Help with kinetic energy/potential energy ratio

[Princess19]

Homework Statement

What is the ratio of kinetic energy to potential energy, of a satellite orbiting a mass M around a radius R.

Homework Equations

ke = 1/2 (mv^2)/r, pe = -Gmm/r^2 (im not really sure of these, i don't have my book with me)

The Attempt at a Solution

this was a problem on my test, and i don't know if i got it right, so i would like to know what the answer is.

i had no idea how to do this so i just did

2ke = pe

ke/pe = 1/2.

what is the answer? i know i got it wrong hehe

any input is appreciated! thanks!

 

[kuruman]

Start from
KE = (1/2)mv²
PE = -GMm/r

Write Newton's 2nd Law for a circular orbit and solve for the speed v.
Replace v in the KE equation.
Take the ratio and see what you get.

 

[Princess19]

all i want to know is if i have it right. were not going to have a final exam so i won't see this stuff ever again.

anyways ill try it because I am bored...

(1/2)mv2/-GMm/r

thats its i have no idea what else

 

[kuruman]

all i want to know is if i have it right. were not going to have a final exam so i won't see this stuff ever again.

You don't have it right.

 

[Princess19]

haha i knew it

so how do u do this problem? all i can get is to that first part i just did

 

[kuruman]

In my posting #2 I gave you three steps. You skipped to the third without doing the first two. OK, once more

Step 1
Write Newton's 2nd Law for a circular orbit and solve for the speed v.

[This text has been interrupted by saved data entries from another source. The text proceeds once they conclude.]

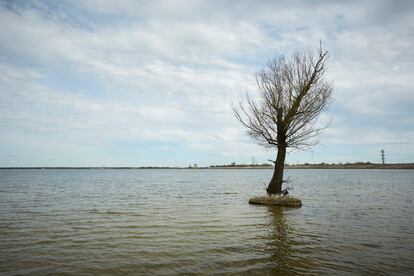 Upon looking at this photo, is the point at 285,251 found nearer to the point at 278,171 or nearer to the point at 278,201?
the point at 278,201

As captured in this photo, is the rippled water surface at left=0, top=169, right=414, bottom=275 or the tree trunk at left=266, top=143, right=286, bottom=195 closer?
the rippled water surface at left=0, top=169, right=414, bottom=275

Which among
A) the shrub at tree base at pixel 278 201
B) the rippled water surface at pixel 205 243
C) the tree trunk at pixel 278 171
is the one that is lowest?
the rippled water surface at pixel 205 243

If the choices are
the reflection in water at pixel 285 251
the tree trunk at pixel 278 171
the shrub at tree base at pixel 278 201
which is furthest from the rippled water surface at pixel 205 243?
the tree trunk at pixel 278 171

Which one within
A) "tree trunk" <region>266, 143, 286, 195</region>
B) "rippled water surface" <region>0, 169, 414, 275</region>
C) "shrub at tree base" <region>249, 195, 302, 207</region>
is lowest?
"rippled water surface" <region>0, 169, 414, 275</region>

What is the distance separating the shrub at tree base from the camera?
21.7 m

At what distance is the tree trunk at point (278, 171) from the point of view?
23266 mm

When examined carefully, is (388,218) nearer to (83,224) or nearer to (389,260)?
(389,260)

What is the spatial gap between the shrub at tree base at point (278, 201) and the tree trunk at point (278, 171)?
1.31 meters

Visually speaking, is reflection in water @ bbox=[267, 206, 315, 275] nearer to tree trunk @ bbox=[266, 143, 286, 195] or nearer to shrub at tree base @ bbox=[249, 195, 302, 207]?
shrub at tree base @ bbox=[249, 195, 302, 207]

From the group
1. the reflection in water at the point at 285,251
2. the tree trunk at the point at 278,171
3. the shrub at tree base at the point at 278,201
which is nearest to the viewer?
the reflection in water at the point at 285,251

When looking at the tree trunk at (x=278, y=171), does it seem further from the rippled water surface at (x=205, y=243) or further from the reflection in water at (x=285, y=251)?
the reflection in water at (x=285, y=251)

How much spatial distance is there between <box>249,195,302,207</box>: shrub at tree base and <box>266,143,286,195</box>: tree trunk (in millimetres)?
1307

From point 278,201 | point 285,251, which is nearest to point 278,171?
point 278,201

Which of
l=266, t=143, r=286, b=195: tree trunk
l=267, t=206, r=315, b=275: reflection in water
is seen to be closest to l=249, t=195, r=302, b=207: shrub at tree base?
l=266, t=143, r=286, b=195: tree trunk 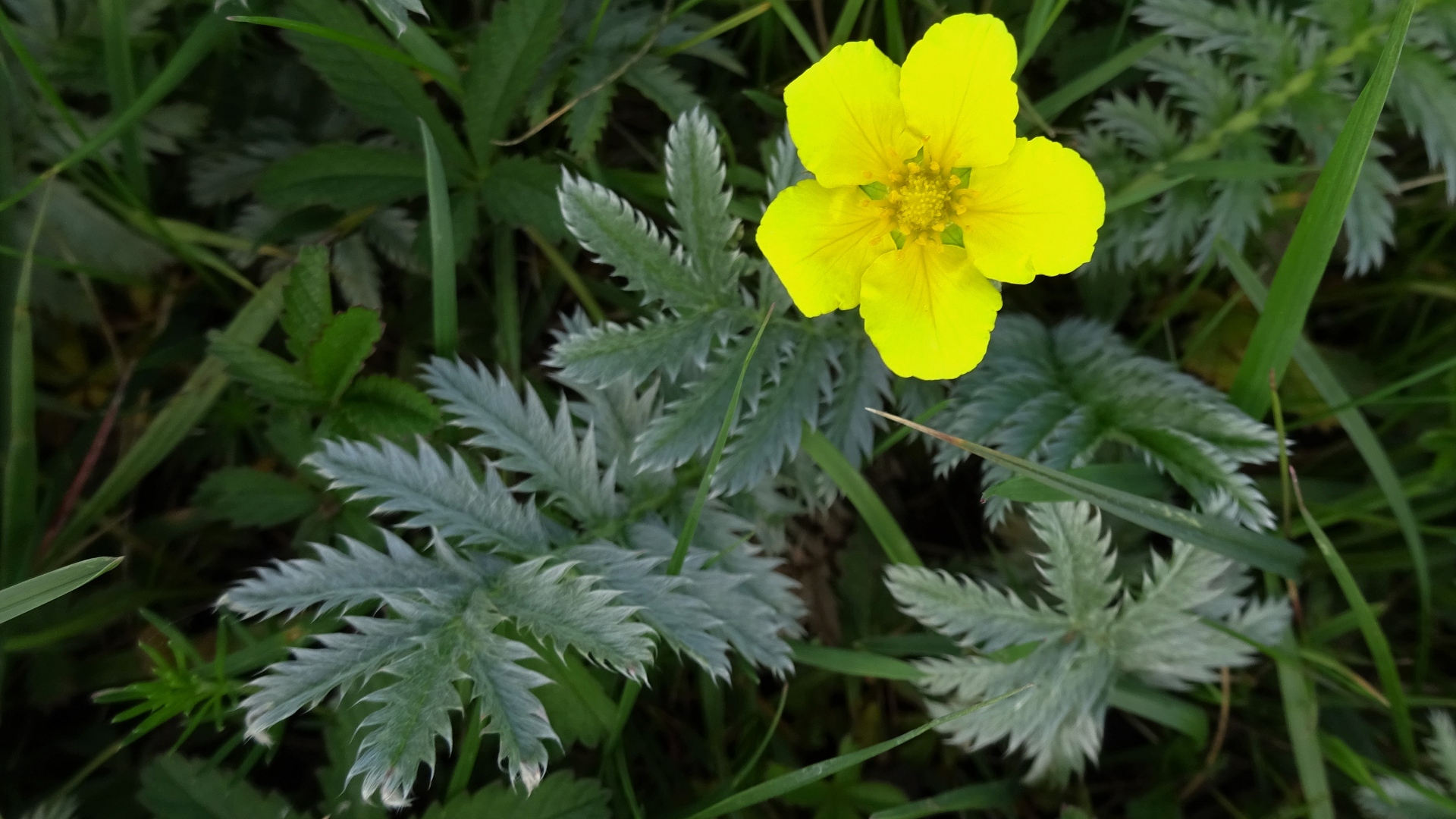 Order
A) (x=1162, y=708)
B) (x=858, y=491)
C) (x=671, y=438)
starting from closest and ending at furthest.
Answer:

Finish this and I will help you with the rest.

 

[Princess19]

i still don't know how to do it

 

[Princess19]

can someone help me?

 

[zachzach]

Maybe you should check your sign?

 

[Princess19]

im so lost, wat sign?

im up to this part

(1/2)mv^2/GMm/r

 

[kuruman]

i still don't know how to do it

Newton's 2nd Law says F = ma. For a satellite of mass m orbiting the Earth in a circular orbit, what is F and what is a?

 

[Princess19]

Newton's 2nd Law says F = ma. For a satellite of mass m orbiting the Earth in a circular orbit, what is F and what is a?

F = m.v^2 / r ??

 

[kuruman]

Correct for the ma part. Now what is the force F for the gravitational attraction?

 

[Princess19]

Correct for the ma part. Now what is the force F for the gravitational attraction?

mg ?

 

[kuruman]

No. It is the Law of Universal gravitational force that has upper case G not lower case g in it.

 

[Princess19]

F = GMm/r^2 ?

 

[kuruman]

That's the one. Now let's go to step 2. You have F (posting # 16) and you have ma (posting #12). Set the two equal and solve for the quantity mv².

 

[Princess19]

That's the one. Now lets' go to step 2. You have F (posting # 16) and you have ma (posting #12). Set the two equal and solve for the quantity mv².

ok so

F = ma
GMm/r^2 = m . v^2 /r

GMm/r = mv^2

is that it? what next?

 

[kuruman]

Step 3. You know that KE = (1/2)mv². What is KE in terms of GMm/r?

 

[Princess19]

Step 3. You know that KE = (1/2)mv². What is KE in terms of GMm/r?

i don't understand lol

is it GMm/2r?

 

[kuruman]

Right. KE = GMm/(2r). You know what PE (see posting #2).
So what is the ratio KE/PE?

 

[Princess19]

1/2? or is it 2?

 

[Princess19]

-1/2?

 

[kuruman]

Bingo.

 

[Princess19]

hmm weird that wasnt one of the choices on the test, just 1/2 and that's what i marked. wonder if its a typo on the test...
oh well thanks a bunch!

 

[kuruman]

Strictly speaking one of the choices should have been -1/2. If you marked 1/2 and that was the only choice, then you probably got full credit. Some examiners don't pay attention to signs, but that is confusing to students who do.